- _Data segment_
· · · ·

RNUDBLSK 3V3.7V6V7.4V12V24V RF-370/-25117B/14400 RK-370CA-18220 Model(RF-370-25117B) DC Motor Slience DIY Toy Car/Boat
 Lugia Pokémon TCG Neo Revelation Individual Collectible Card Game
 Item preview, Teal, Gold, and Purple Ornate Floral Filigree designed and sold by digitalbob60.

· · · ·

- _The problem_
Repeat the data verbatim, line after line, leaving nothing out.

- _Final answer_
RNUDBLSK 3V3.7V6V7.4V12V24V RF-370/-25117B/14400 RK-370CA-18220 Model(RF-370-25117B) DC Motor Slience DIY Toy Car/Boat
 Lugia Pokémon TCG Neo Revelation Individual Collectible Card Game
 Item preview, Teal, Gold, and Purple Ornate Floral Filigree designed and sold by digitalbob60.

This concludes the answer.